** Opening RECORDS FOR THE EXERCISE block **

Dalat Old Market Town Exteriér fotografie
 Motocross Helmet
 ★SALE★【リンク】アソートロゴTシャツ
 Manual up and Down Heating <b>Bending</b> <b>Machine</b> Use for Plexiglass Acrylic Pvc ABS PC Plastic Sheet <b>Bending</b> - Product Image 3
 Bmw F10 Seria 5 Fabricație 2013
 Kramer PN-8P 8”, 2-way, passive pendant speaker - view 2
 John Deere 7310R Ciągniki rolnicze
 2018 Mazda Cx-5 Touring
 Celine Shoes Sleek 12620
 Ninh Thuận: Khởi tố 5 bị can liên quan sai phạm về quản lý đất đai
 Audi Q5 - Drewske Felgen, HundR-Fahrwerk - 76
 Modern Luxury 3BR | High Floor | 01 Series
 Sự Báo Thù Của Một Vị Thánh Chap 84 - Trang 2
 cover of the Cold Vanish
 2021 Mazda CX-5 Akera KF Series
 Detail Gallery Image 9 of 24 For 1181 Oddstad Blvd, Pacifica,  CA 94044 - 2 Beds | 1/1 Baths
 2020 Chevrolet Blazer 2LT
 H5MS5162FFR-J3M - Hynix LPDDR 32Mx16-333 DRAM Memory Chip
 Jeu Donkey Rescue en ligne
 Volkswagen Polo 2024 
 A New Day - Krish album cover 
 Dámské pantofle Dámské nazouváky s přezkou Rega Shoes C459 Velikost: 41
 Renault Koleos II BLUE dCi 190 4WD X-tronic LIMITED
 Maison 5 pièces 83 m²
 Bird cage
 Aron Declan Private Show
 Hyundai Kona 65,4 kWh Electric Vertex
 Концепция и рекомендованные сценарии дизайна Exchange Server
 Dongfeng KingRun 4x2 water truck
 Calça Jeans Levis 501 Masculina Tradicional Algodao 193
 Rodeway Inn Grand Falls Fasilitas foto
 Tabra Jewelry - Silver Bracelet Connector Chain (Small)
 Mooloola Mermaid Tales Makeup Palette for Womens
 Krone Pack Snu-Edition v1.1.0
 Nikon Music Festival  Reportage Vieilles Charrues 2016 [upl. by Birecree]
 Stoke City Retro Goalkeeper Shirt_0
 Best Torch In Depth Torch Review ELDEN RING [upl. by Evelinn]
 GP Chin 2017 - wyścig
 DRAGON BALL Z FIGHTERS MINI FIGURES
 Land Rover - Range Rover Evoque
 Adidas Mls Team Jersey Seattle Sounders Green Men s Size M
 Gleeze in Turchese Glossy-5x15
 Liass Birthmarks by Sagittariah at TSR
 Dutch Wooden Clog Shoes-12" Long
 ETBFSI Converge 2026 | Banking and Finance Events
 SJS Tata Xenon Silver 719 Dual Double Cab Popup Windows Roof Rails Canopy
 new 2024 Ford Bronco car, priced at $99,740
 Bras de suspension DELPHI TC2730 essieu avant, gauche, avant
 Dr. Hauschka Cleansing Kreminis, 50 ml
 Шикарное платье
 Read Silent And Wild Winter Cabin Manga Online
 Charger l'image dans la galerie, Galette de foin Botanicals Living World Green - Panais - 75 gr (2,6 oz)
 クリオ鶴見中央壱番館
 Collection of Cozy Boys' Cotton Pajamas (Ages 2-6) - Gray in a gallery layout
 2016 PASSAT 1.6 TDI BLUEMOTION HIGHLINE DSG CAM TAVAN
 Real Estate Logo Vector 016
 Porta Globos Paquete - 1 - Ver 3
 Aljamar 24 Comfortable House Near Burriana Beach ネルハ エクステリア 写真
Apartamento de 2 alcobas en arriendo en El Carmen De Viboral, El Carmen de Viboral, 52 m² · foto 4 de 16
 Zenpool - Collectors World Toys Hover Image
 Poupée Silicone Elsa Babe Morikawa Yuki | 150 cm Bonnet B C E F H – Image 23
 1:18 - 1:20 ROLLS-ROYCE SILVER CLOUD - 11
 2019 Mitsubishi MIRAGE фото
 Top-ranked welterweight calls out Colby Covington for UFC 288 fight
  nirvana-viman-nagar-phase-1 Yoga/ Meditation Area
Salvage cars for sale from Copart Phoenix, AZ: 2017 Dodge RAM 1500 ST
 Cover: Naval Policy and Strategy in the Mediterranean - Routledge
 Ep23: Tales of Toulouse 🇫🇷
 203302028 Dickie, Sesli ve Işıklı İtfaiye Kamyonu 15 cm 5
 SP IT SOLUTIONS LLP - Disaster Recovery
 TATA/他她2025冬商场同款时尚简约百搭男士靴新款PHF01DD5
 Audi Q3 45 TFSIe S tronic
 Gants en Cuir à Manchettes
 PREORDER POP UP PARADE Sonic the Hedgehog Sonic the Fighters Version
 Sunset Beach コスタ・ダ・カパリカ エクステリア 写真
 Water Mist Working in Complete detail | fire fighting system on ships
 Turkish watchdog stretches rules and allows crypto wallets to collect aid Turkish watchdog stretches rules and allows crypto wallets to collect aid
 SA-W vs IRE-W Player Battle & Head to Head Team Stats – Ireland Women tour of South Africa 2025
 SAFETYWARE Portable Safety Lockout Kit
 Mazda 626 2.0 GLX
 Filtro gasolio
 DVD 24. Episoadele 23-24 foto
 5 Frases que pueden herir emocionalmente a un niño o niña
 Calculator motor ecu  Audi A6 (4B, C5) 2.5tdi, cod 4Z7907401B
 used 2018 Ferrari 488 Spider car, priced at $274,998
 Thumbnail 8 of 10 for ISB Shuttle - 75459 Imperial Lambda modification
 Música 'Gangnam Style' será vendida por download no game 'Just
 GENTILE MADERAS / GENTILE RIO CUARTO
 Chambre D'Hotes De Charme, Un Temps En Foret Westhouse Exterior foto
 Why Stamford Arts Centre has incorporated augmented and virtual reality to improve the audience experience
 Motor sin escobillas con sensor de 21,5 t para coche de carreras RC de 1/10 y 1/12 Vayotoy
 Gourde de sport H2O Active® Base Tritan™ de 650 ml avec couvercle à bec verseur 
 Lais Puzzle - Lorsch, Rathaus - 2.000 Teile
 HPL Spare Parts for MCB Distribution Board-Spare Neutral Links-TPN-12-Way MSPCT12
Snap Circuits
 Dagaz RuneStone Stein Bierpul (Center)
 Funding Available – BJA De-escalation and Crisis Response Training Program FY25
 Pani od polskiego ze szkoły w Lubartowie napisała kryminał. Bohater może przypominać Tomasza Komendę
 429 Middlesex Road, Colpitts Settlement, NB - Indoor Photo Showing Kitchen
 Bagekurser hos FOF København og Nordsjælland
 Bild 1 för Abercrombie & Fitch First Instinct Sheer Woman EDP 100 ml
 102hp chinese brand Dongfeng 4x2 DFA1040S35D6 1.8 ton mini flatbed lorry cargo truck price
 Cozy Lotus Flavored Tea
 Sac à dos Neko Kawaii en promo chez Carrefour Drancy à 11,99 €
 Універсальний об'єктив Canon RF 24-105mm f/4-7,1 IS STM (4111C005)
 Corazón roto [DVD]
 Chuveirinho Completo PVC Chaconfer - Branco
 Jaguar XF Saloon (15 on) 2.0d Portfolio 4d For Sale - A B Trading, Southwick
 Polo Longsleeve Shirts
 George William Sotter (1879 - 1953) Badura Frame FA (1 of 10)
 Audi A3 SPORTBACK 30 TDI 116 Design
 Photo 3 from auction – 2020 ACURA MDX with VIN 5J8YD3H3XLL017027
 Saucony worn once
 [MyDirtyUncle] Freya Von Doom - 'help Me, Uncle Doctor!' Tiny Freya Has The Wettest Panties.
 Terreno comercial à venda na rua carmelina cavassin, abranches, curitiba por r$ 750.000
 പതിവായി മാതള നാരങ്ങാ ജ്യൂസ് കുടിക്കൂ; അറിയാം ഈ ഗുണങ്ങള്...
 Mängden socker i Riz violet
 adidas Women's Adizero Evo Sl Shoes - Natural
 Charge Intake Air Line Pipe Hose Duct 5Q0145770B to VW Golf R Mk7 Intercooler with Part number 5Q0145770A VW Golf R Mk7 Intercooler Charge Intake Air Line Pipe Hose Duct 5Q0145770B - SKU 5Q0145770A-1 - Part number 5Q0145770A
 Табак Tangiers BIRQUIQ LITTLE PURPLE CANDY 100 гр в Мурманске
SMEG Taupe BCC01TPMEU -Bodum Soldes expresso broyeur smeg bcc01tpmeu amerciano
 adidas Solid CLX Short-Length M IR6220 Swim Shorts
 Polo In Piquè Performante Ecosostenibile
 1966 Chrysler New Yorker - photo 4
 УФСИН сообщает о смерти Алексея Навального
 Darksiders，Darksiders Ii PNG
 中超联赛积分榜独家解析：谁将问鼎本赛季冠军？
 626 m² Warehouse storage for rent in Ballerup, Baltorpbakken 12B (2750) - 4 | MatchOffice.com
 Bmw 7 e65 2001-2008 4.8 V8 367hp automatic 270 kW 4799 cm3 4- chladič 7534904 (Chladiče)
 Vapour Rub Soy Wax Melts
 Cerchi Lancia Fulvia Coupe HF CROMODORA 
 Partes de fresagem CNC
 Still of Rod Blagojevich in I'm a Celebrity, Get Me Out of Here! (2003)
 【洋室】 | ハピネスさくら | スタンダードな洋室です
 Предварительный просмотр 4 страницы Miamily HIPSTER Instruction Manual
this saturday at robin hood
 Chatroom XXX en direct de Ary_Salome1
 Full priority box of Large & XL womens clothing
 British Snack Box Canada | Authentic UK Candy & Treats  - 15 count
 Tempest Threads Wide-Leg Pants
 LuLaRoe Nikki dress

** Closing RECORDS FOR THE EXERCISE block **

**TASK OBJECTIVE**.
The line containing "speaker - view 2" marks the end: copy exactly every line from the top of the data above down to it, that line included.

**EXERCISE OUTPUT**.
Dalat Old Market Town Exteriér fotografie
 Motocross Helmet
 ★SALE★【リンク】アソートロゴTシャツ
 Manual up and Down Heating <b>Bending</b> <b>Machine</b> Use for Plexiglass Acrylic Pvc ABS PC Plastic Sheet <b>Bending</b> - Product Image 3
 Bmw F10 Seria 5 Fabricație 2013
 Kramer PN-8P 8”, 2-way, passive pendant speaker - view 2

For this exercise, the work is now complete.